Last Saturday, Dr. Orloff published online a list she called “7 Compassionate Vows for Politicians.”  I don’t see many politicians taking these, but what if only a few did to start?

1. I vow to value compassion in everything I do.
2. I vow to treat my fellow candidates with respect.
3. I vow to honor our country and our people by being a positive role model who embodies the good.
4. I vow not to be a fear monger in my speeches or in the media to garner votes.
5. I vow to put the welfare of this country and the earth above greed.
6. I vow to fight for the well-being of the earth and all its resources.
7. I vow to advocate national and global wellness to spread happiness on earth.

I was quite surprised to stumble upon a political scientist who says that love and politics go together like a horse and carriage and even more surprised to find her conclusions being drawn from her interaction with the writings of the great philosopher, Hegel.
The political scientist of whom I speak is Professor Alice Ormiston, and her book in which these ideas are developed is titled LOVE AND POLITICS.  Dr.

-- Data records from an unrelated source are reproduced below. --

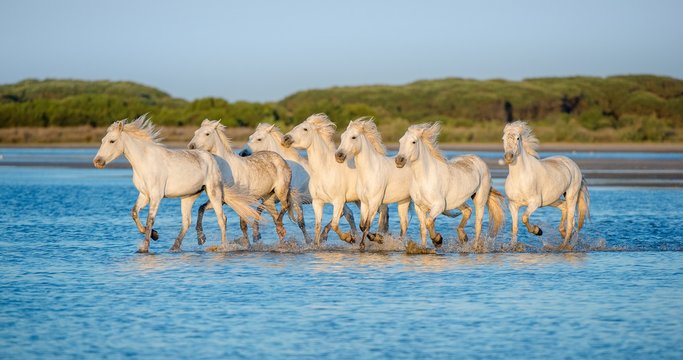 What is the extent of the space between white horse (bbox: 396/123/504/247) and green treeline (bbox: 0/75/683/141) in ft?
141

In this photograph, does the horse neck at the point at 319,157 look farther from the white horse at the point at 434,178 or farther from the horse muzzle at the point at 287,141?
the white horse at the point at 434,178

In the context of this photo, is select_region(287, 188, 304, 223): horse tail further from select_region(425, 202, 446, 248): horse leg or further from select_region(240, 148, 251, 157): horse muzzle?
select_region(425, 202, 446, 248): horse leg

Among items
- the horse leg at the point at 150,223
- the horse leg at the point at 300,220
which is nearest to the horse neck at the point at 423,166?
the horse leg at the point at 300,220

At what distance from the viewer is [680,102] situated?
282ft

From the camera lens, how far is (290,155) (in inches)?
616

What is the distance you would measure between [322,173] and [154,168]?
217 cm

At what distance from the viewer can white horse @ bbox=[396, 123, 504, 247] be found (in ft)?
44.3

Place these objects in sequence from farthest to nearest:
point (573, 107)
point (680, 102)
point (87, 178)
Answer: point (573, 107)
point (680, 102)
point (87, 178)

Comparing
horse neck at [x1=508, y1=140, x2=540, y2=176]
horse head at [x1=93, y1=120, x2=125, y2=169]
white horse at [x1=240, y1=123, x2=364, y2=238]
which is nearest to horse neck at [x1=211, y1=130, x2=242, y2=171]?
white horse at [x1=240, y1=123, x2=364, y2=238]

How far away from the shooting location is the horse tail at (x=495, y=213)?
1502 centimetres

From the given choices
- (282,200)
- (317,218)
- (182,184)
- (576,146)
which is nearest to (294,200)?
(282,200)

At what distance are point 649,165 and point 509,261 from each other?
2705cm

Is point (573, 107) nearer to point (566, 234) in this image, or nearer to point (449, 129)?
point (449, 129)

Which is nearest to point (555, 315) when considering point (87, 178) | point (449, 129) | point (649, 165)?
point (87, 178)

Ormiston believes, quite optimistically it seems to me, that modern politics is rooted not just in the pursuit of power; instead, it is “essentially underpinned by the experience of love.”  Her reading of Hegel led her to believe that he understood love as a principle uniting reason with emotion, also uniting self and other, therefore providing the foundation for a profound sense of connectedness to the world and to the will to perform genuine acts of autonomy.   I’m sure you’re wondering where in the world she scraped up such optimism.   Ormiston believes that those in our population who demonstrate and hold onto an undying commitment to individual rights and freedoms must have experienced and in most cases continue to experience love; love placed selfless values in any conscience where they are found.   One of Ormiston’s reviewers offers the suggestion that the author’s ideals “can serve as a foundation for resistance to problems of our time including atomism and instrumental rationality, the ills of an unfettered capitalism, and the reality of a radical evil.”
Charlie Chaplain’s main character in his controversial and acclaimed film, THE GREAT DICTATOR, has this to say when he discovers that being an emperor isn’t for him:

The way of life can be free and beautiful.
But we have lost the way.
Greed has poisoned men’s souls –
has barricaded the world with hate;
has goose-stepped us into misery and bloodshed.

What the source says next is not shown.